- THE DATA
* * * * * * *
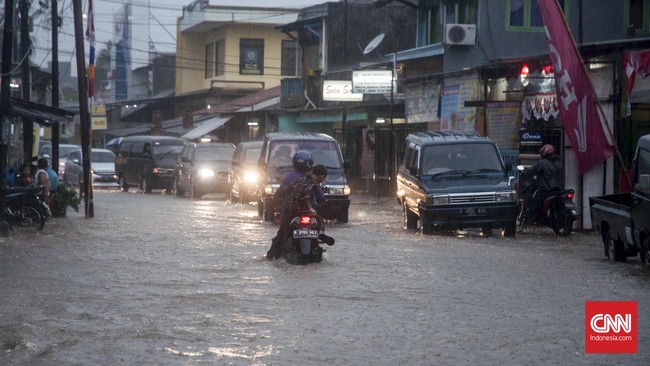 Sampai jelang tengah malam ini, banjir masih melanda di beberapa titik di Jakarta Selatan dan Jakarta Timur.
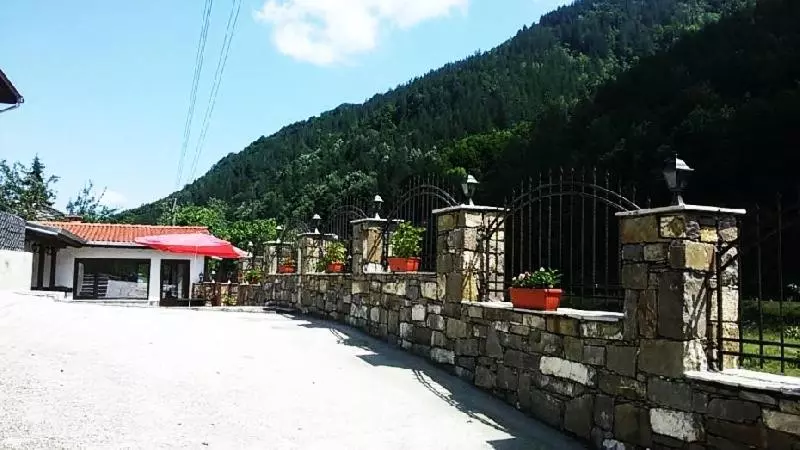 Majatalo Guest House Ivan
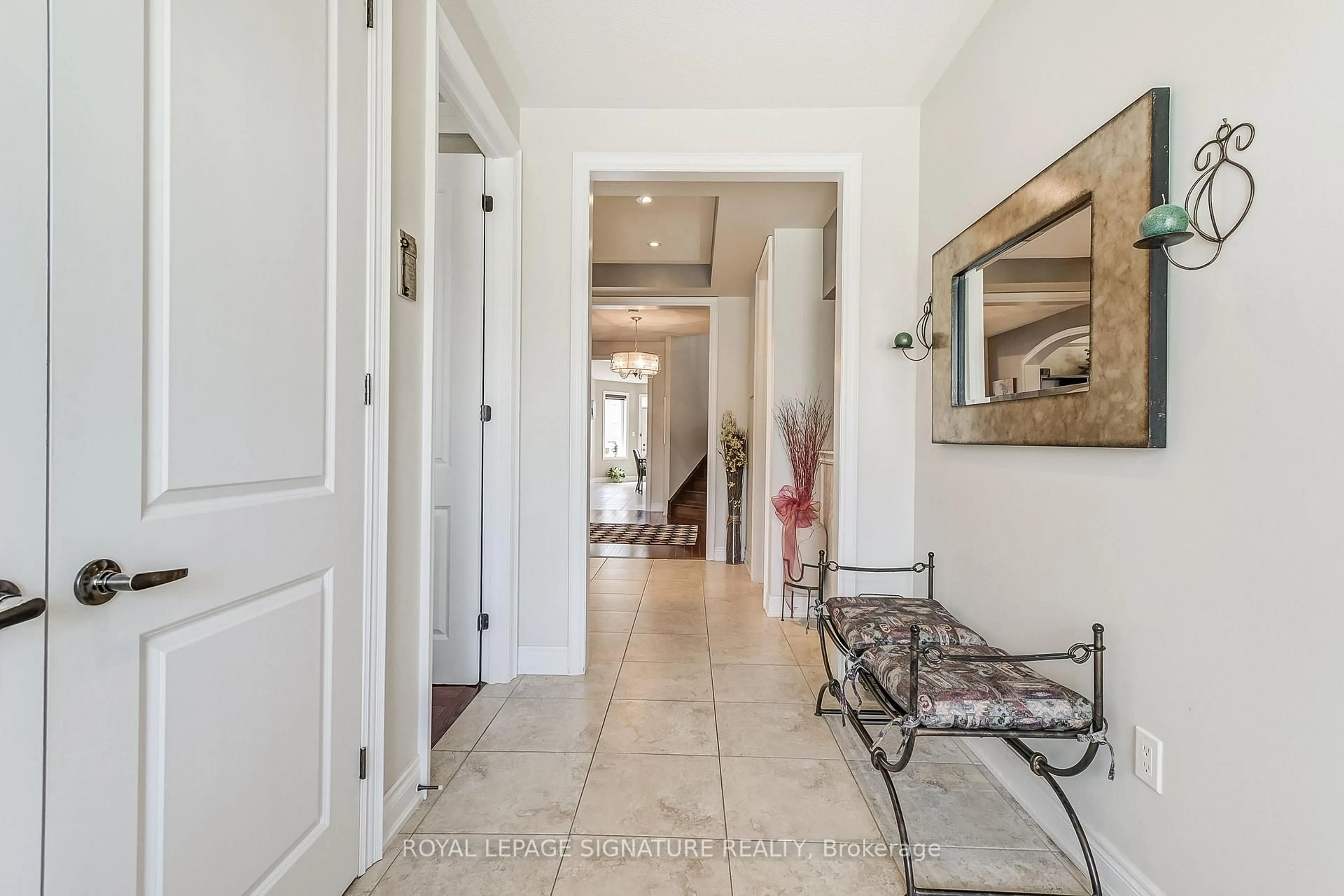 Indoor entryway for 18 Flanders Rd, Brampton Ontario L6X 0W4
* * * * * * *
- WHAT TO WORK ON
Your task is to set down each line above verbatim while excluding the pictures.

- SOLUTION TO THIS EXERCISE
 Sampai jelang tengah malam ini, banjir masih melanda di beberapa titik di Jakarta Selatan dan Jakarta Timur.
 Majatalo Guest House Ivan
 Indoor entryway for 18 Flanders Rd, Brampton Ontario L6X 0W4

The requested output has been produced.